OBJECTIVES: Myasthenia gravis (MG) is a neuromuscular autoimmune disorder characterized by muscle weakness and fatigue. While the pathophysiology of MG is well-documented, the presence of comorbidities and their impact on the patients’ clinical course remains of interest and can help inform patient care. The purpose of this study was to compare the cumulative incidence and time to onset of several common comorbidities in individuals diagnosed with MG versus matched controls.

METHODS: The study utilized the National Veterans Affairs Health Care Network ‘s database. Continuously enrolled adult patients, newly diagnosed with MG between January 1999 to March 2022, were identified for the MG cohort. A 1:1 control cohort was developed, matching on key demographic characteristics and baseline Charlson Comorbidity Index (CCI) score. Both cohorts were followed until disenrollment, death, or end of the study period. The study utilized Kaplan-Meier (KM) analysis to assess 14 common comorbidities associated with MG, including anxiety, autoimmune conditions, cardiovascular disease, depression, diabetes, gastroesophageal reflux disease (GERD), glaucoma, hyperlipidemia/hypercholesterolemia, hypertension, infections, malignancy, osteoporosis, sleeping disorders, and thyroid disorders. The KM analysis compared the cumulative incidence and time to new onset of comorbidities in the follow-up period.
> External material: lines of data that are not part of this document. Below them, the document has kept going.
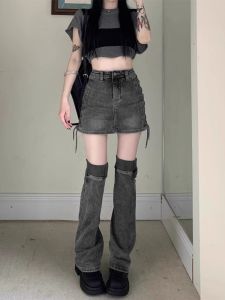 Váy Mini Denim Cạp Cao Dáng Chữ a Dáng Ôm Mùa Hè Phong Cách Mỹ Cho Nữ Váy Ngắn Thường Ngày Bằng Cotton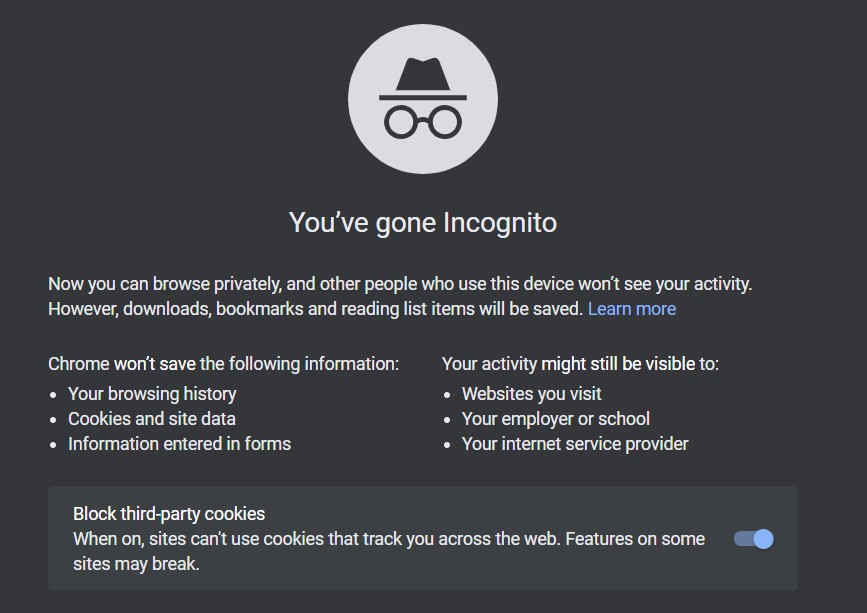 Google Chrome Incognito Mode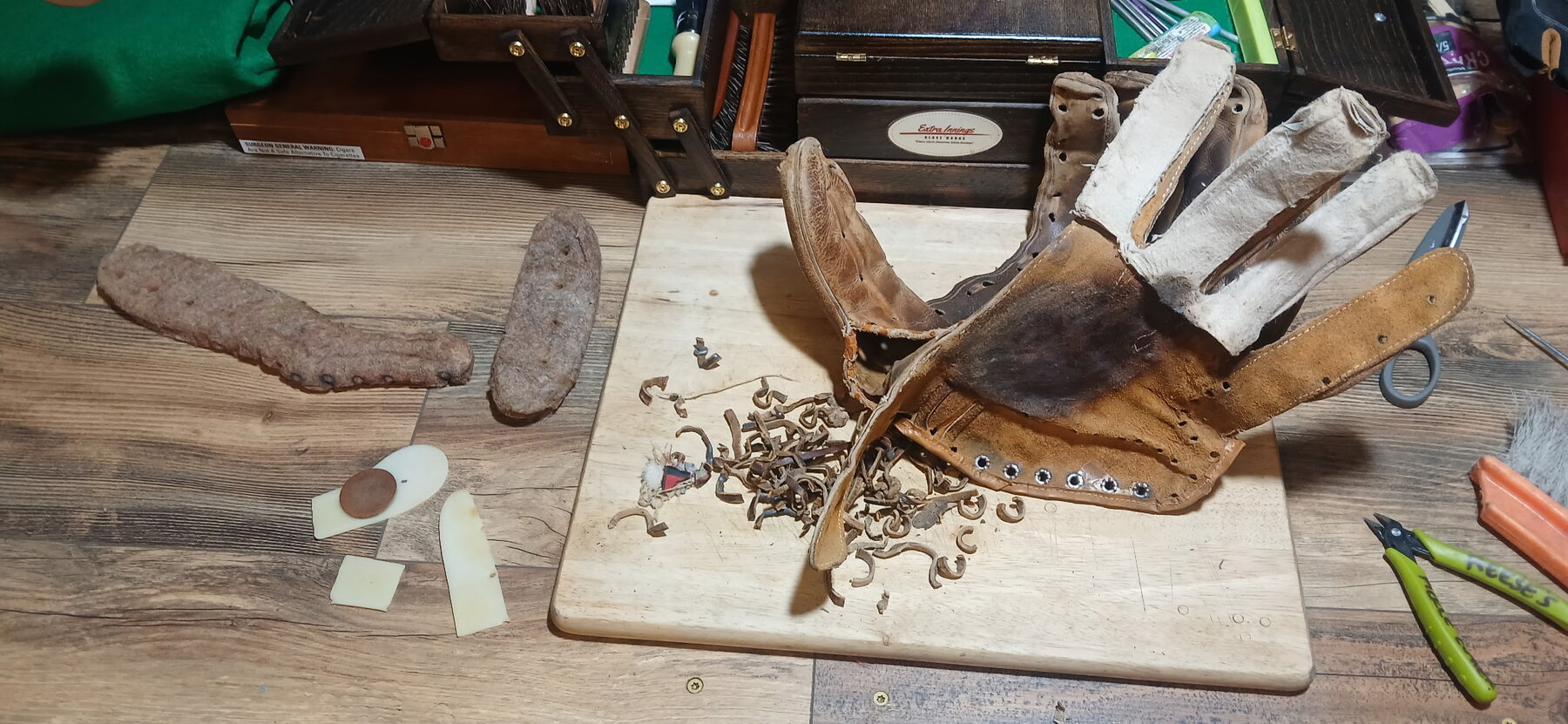 Rawlings RBG softball glove during restoration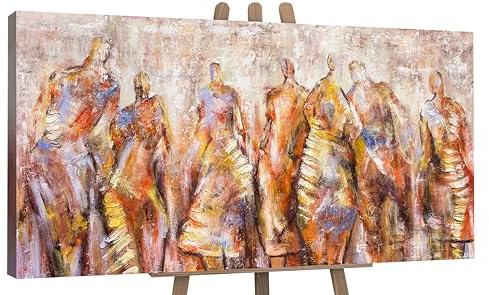 YS-Art Quadri acrilici su tela pronti da appendere Carnevale Soggiorno arte astratta moderna figure colorate Dipinta a mano Arte murale 120x60 cm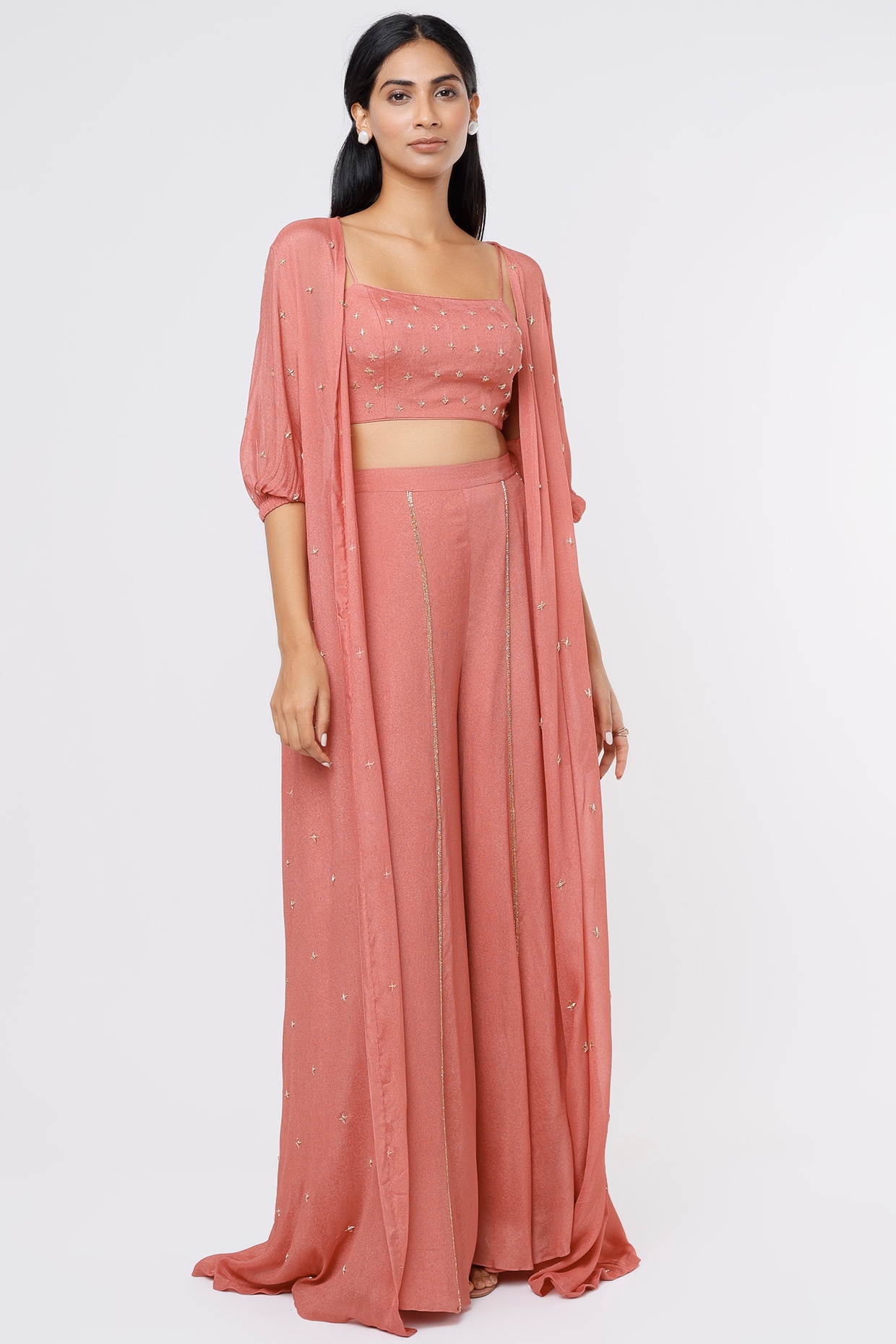 Versatile Crop Top with Palazzo Pants and Jacket Set for Women | Palazzo  pants, Festival wear, Crop top length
RESULTS: A total of 10,632 patients with MG and 10,632 matched controls were identified. Average age at MG diagnosis for the MG cohort and controls was 70.5, and 70.3 years, respectively. Patients were followed for a median follow-up of 7 years. Across all 14 comorbidities examined, patients with MG demonstrated significantly increased incidence of individual comorbidities (p<0.001) and developed new onset comorbidities significantly faster than the matched cohort (p<0.05).

CONCLUSIONS: Patients diagnosed with MG were at significant risk to develop comorbidities commonly associated with MG and the onset occurred at a faster rate compared to the non-MG cohort. These findings underscore the association between MG and an elevated risk of specific comorbidities.